What needs to be done:
Every entry is to be returned verbatim.

Input material:
[Start of section]

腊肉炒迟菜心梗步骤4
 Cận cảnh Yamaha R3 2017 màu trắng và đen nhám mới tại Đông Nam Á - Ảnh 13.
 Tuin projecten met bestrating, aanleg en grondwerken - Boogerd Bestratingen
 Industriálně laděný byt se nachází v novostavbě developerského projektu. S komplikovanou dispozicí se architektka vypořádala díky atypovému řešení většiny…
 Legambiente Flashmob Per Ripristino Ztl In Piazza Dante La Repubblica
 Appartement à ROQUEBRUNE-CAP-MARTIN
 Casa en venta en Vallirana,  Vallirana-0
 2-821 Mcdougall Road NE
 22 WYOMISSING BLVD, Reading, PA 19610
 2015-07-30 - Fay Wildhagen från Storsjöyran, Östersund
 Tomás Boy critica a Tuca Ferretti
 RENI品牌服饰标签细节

[End of section]

Task result:
腊肉炒迟菜心梗步骤4
 Cận cảnh Yamaha R3 2017 màu trắng và đen nhám mới tại Đông Nam Á - Ảnh 13.
 Tuin projecten met bestrating, aanleg en grondwerken - Boogerd Bestratingen
 Industriálně laděný byt se nachází v novostavbě developerského projektu. S komplikovanou dispozicí se architektka vypořádala díky atypovému řešení většiny…
 Legambiente Flashmob Per Ripristino Ztl In Piazza Dante La Repubblica
 Appartement à ROQUEBRUNE-CAP-MARTIN
 Casa en venta en Vallirana,  Vallirana-0
 2-821 Mcdougall Road NE
 22 WYOMISSING BLVD, Reading, PA 19610
 2015-07-30 - Fay Wildhagen från Storsjöyran, Östersund
 Tomás Boy critica a Tuca Ferretti
 RENI品牌服饰标签细节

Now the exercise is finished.